Deidara abrió los ojos, creyendo haber escuchado la voz de Tobi.

—¿Qué quieres? —dijo. Se frotó el ojo y bostezó—. ¿Por qué no te duermes de una vez?

No obtuvo respuesta y Deidara ahora estaba en completa alerta. Le iba a costar volver a dormirse. Apoyó el cuerpo en uno de sus codos y a tientas buscó las cerillas y encendió la vela.

—Tobi —insistió Deidara.

Su compañero estaba boca arriba en su futón. No podía saber si estaba despierto o dormido gracias a la estúpida máscara naranja que siempre se empeñaba en llevar puesta.

—No son tonterías, idiota —dijo Tobi y Deidara notó de inmediato que su entonación era distinta a la acostumbrada.

Era la palabrota más grave que le había escuchado jamás a Tobi. Deidara frunció el ceño, examinando las sombras alargadas que proyectaba la luz de la vela en los surcos de la máscara.

—Dices eso porque a ti no te importa nada en el mundo. Excepto las misiones y esos libros depresivos de mierda que lees.

Como sospechaba, Tobi estaba hablando en sueños. No era la primera vez que pasaba pero jamás antes lo había escuchado así de enfadado. Le resultaba raro, como un perro que maulla o un gato que ladra. Deidara se preguntó con quién estaría hablando. Le daba que no conocía a la persona a la que le gritaba. Tobi seguía siendo una incógnita para él después de todo. Por eso Deidara guardó silencio.

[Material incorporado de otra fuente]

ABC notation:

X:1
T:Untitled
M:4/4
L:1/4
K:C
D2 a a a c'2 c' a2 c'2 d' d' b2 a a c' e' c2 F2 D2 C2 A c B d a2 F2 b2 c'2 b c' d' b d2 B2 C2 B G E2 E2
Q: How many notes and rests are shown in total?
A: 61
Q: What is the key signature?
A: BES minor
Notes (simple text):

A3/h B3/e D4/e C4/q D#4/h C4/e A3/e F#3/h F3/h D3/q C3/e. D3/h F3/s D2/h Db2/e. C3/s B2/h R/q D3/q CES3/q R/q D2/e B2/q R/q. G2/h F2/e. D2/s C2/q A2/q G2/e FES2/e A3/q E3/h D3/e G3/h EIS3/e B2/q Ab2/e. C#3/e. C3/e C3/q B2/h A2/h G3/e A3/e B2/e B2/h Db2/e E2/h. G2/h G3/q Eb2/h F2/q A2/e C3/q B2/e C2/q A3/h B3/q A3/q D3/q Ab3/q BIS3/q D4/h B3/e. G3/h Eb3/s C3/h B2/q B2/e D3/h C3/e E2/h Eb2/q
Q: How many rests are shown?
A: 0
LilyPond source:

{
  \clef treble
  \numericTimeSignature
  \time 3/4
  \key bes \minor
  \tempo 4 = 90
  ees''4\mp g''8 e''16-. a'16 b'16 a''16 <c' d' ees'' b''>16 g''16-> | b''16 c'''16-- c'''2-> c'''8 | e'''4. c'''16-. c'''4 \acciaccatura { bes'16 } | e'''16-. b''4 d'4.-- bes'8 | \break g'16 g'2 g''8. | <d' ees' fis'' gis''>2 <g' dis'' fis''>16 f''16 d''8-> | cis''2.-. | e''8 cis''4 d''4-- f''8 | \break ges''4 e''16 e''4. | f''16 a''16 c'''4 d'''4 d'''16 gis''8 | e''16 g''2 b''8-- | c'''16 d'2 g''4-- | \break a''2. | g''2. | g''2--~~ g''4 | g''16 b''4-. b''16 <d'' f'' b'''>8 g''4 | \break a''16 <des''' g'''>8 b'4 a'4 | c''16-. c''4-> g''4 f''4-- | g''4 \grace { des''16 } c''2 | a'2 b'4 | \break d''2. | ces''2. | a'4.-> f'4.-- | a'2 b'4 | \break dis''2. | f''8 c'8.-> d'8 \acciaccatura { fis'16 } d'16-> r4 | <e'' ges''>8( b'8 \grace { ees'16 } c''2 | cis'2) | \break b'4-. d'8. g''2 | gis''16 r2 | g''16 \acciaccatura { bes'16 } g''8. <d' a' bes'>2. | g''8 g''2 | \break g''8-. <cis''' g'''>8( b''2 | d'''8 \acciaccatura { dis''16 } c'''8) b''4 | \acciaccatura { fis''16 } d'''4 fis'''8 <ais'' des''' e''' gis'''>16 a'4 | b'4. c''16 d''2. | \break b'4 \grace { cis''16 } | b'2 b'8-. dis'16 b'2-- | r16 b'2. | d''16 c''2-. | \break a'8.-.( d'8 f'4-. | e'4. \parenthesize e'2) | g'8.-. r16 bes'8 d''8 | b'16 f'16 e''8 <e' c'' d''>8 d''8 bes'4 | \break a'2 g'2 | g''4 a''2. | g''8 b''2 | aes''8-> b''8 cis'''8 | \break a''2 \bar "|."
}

—¿Qué tiene de malo celebrar que acabamos de cumplir un año más en el mundo? Tú no sabes si el año siguiente vamos a seguir estando aquí —Tobi se revolvió bajo la manta. Se dio la vuelta hacia el otro lado y luego volvió a la posición inicial—. No lo sabes... No lo sabes... Este podría ser nuestro último cumpleaños.

—¿Dijiste cumpleaños? —murmuró Deidara. Así que de eso se trataba. Se sentó en el futón y cruzó las piernas—. Tobi. ¿Es tu cumpleaños?

Ruidos de sollozos se escuchaban tras la máscara espiralada.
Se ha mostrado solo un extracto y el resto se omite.